5. The virtual power plant revenue and risk assessment method based on two-level optimization game theory according to claim 3, characterized in that, The set of classic combined scenarios includes multiple classic combined scenarios; the lower-level optimization model of the virtual power plant, based on the set of classic combined scenarios and with the objective of minimizing the operating cost of the virtual power plant, includes: Simultaneously considering the battery aging parameters of each energy storage system in the virtual power plant, the charging and discharging power and charging and discharging efficiency of each energy storage system under different classic combination scenarios, a cost function is constructed with the goal of minimizing the operating cost of the virtual power plant. Based on the real-time state of charge, state of charge constraints, and charge / discharge power constraints of each energy storage system under different classic combination scenarios, energy storage constraint conditions are constructed by introducing dual variables of energy storage constraints. Based on the cost function and the energy storage constraints, a lower-level optimization model for the virtual power plant is constructed.

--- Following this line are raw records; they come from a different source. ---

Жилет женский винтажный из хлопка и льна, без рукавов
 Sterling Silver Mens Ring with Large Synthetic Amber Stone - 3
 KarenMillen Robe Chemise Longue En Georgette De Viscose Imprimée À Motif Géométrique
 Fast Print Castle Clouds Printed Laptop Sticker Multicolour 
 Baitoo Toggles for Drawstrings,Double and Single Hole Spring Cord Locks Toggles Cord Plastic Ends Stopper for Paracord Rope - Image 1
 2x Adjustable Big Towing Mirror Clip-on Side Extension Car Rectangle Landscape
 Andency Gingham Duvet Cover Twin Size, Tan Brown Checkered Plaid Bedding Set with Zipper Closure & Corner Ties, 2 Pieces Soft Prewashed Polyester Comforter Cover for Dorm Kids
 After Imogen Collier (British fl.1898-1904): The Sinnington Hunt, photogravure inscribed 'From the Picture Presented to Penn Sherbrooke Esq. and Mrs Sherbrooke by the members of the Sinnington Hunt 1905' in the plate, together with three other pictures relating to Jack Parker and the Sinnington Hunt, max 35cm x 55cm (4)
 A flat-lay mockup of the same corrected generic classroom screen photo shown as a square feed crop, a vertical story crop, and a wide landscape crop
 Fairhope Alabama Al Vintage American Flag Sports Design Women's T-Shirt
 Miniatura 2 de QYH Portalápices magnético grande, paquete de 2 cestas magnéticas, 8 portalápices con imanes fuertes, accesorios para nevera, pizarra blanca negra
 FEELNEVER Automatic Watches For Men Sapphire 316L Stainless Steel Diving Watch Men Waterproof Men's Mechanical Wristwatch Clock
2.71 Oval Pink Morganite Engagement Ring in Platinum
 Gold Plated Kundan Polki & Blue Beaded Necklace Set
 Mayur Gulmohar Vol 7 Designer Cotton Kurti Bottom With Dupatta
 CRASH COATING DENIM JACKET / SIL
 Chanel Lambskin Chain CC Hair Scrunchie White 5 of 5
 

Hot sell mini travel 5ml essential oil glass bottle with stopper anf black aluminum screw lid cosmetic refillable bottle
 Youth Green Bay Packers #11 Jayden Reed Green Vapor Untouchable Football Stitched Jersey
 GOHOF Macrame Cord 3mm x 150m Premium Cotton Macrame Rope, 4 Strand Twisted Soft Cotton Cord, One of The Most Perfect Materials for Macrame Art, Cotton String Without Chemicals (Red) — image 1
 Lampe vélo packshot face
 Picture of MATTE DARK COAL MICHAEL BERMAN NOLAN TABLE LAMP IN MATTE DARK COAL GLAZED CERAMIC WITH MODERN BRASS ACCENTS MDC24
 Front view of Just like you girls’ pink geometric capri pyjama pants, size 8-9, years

6. The virtual power plant revenue and risk assessment method based on two-level optimization game theory according to any one of claims 1 to 5, characterized in that, The step of converting the two-layer optimization game model into a single-layer model includes: By combining the addition of KKT conditions and the Big M method transformation, the two-layer optimization game model is transformed into a single-layer model.

7. The virtual power plant revenue and risk assessment method based on two-level optimization game theory according to claim 6, characterized in that, The step of performing risk quantification assistance based on conditional risk assessment on the single-layer model to obtain a return-risk assessment model includes: Considering the risk aversion coefficient and the revenue of virtual power plants under different classic combination scenarios, and introducing auxiliary variables for calculating conditional value of risk, a conditional risk assessment model is constructed. The single-layer model is adjusted by the conditional risk assessment model to obtain the return-risk assessment model; the conditional risk assessment model is used to assist in the risk quantification of the uncertainty risk of the optimal solution obtained by solving the single-layer model.

8. A virtual power plant revenue and risk assessment device based on two-level optimization game theory, characterized in that, include: The data acquisition unit is used to acquire installed capacity data and historical electricity price data of virtual power plant renewable energy incremental projects; A classic combination scenario set construction unit is used to construct a classic combination scenario set based on the installed capacity data and the historical electricity price data; A two-layer model construction unit is used to construct a two-layer optimized game model for the virtual power plant participation mechanism's electricity price bidding and spot trading based on the classic combined scenario set. The model conversion unit is used to convert the two-layer optimization game model into a single-layer model, and to perform risk quantification assistance based on conditional risk assessment on the single-layer model to obtain a payoff risk assessment model. The optimization solution unit is used to optimize and solve the revenue and risk assessment model to obtain the optimal mechanism power ratio of the virtual power plant under different risk preferences.

9. An electronic device, characterized in that, The device includes a processor and a memory: The memory is used to store program code and transmit the program code to the processor; The processor is used to execute the virtual power plant revenue and risk assessment method based on two-layer optimization game as described in any one of claims 1-7 according to the instructions in the program code.

10. A computer-readable storage medium, characterized in that, The computer-readable storage medium is used to store program code for executing the virtual power plant revenue and risk assessment method based on two-level optimization game as described in any one of claims 1-7.